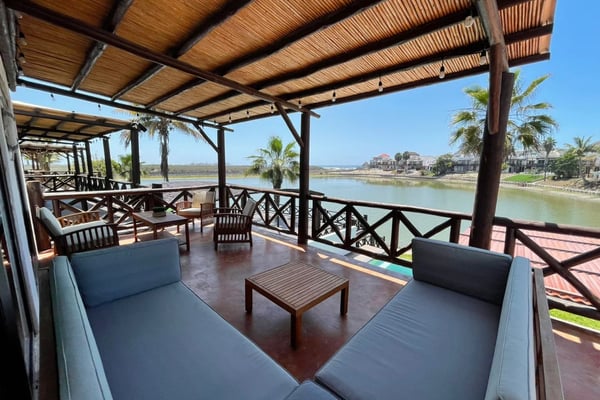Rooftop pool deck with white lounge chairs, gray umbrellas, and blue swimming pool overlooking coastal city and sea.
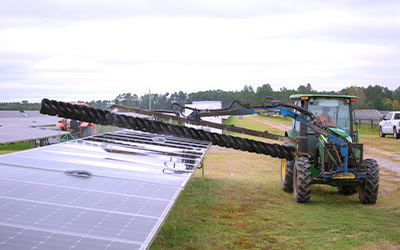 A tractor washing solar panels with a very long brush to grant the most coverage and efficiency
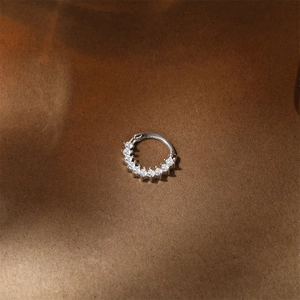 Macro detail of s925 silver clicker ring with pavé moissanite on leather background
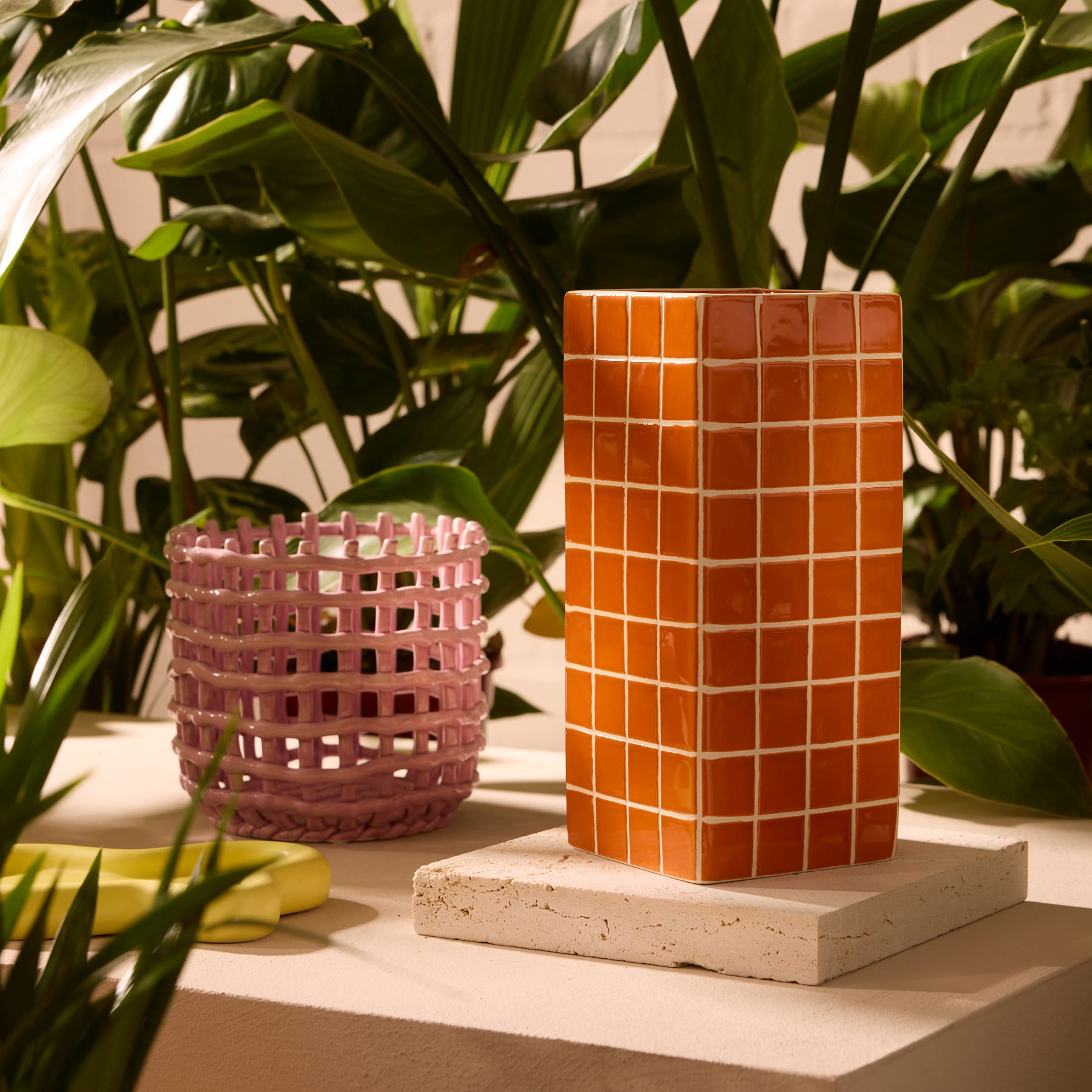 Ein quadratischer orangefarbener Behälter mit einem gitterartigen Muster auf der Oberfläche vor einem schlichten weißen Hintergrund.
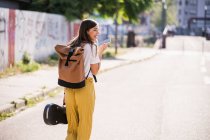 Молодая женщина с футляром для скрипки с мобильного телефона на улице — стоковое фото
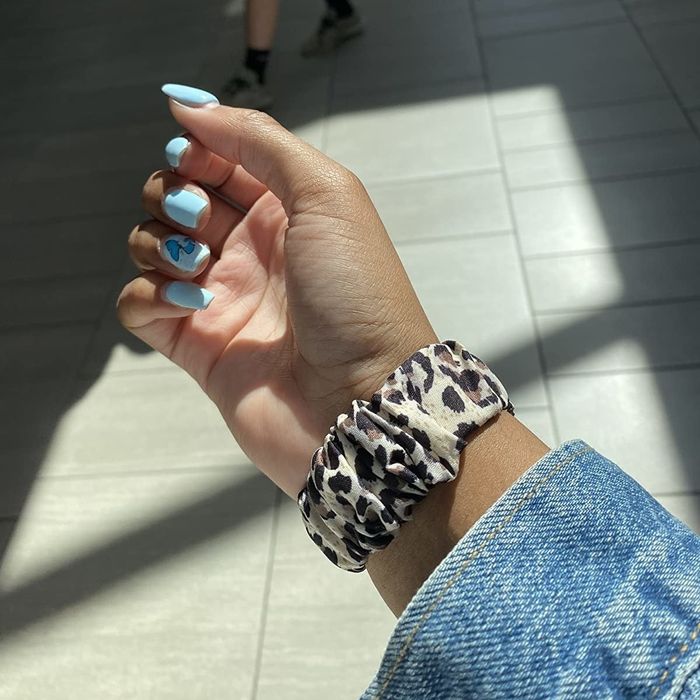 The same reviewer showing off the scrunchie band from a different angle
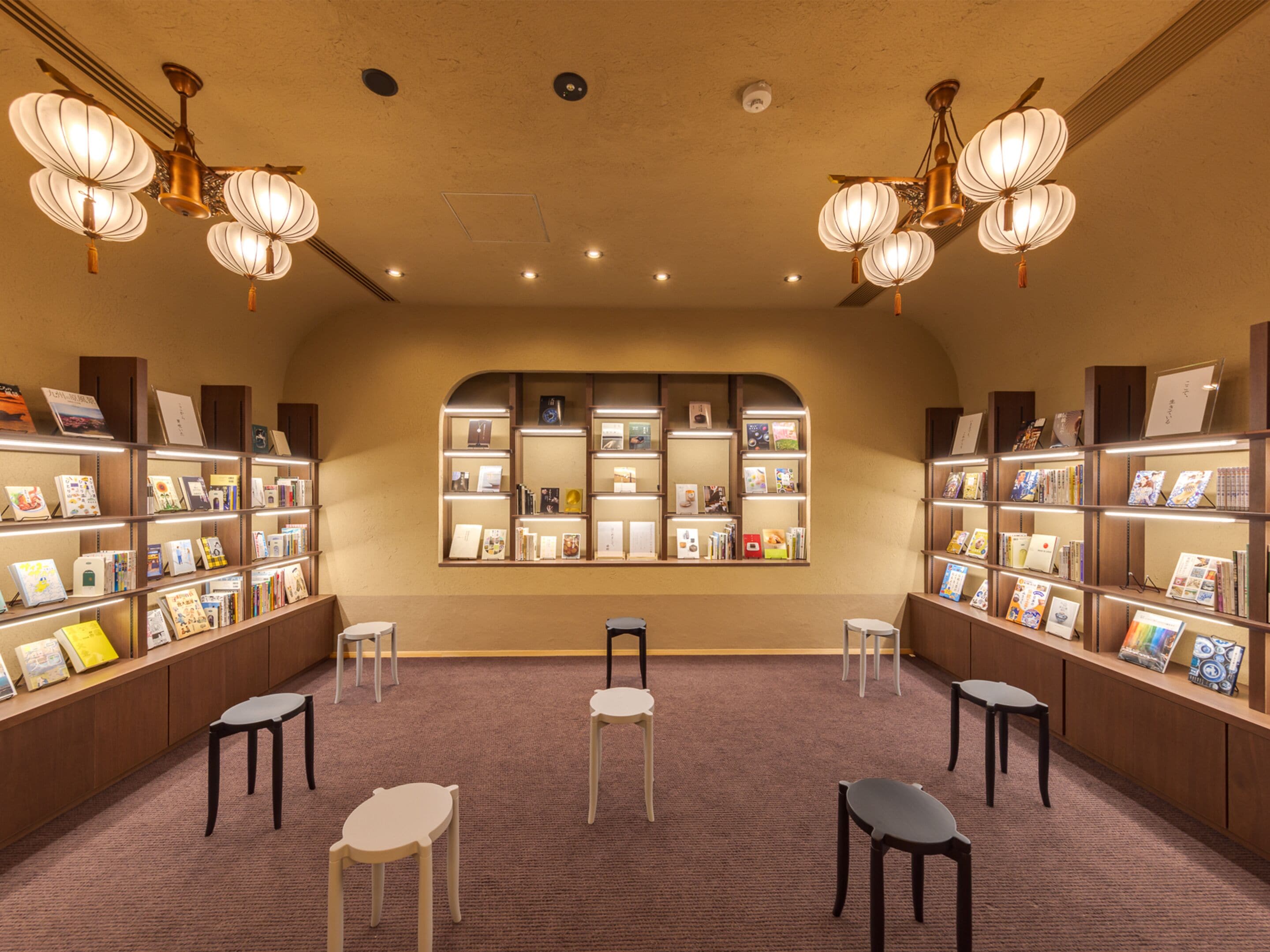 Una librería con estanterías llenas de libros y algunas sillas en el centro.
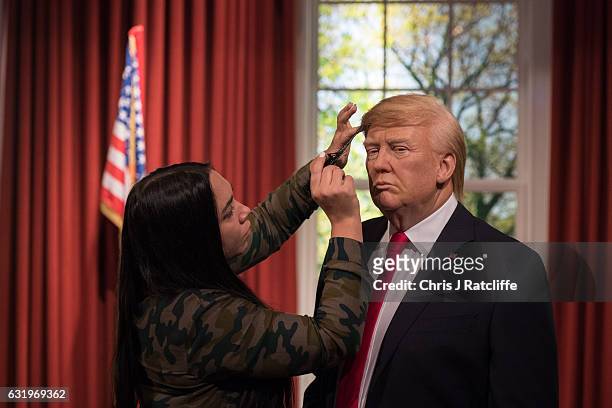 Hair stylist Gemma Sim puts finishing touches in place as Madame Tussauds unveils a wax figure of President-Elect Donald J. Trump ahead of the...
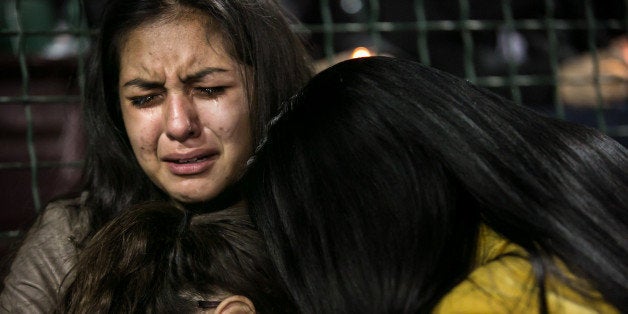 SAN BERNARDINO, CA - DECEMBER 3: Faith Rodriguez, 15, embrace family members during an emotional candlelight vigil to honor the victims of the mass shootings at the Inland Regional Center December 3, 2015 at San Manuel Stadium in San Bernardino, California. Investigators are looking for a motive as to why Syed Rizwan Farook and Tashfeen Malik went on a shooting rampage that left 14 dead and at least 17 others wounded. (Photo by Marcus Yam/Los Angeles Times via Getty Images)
──────────────────────────────
Every line from the one containing "Macro detail of" through the end of the entries above, both included, should be extracted exactly, with pictures left out.

 Macro detail of s925 silver clicker ring with pavé moissanite on leather background
 Ein quadratischer orangefarbener Behälter mit einem gitterartigen Muster auf der Oberfläche vor einem schlichten weißen Hintergrund.
 Молодая женщина с футляром для скрипки с мобильного телефона на улице — стоковое фото
 The same reviewer showing off the scrunchie band from a different angle
 Una librería con estanterías llenas de libros y algunas sillas en el centro.
 Hair stylist Gemma Sim puts finishing touches in place as Madame Tussauds unveils a wax figure of President-Elect Donald J. Trump ahead of the...
 SAN BERNARDINO, CA - DECEMBER 3: Faith Rodriguez, 15, embrace family members during an emotional candlelight vigil to honor the victims of the mass shootings at the Inland Regional Center December 3, 2015 at San Manuel Stadium in San Bernardino, California. Investigators are looking for a motive as to why Syed Rizwan Farook and Tashfeen Malik went on a shooting rampage that left 14 dead and at least 17 others wounded. (Photo by Marcus Yam/Los Angeles Times via Getty Images)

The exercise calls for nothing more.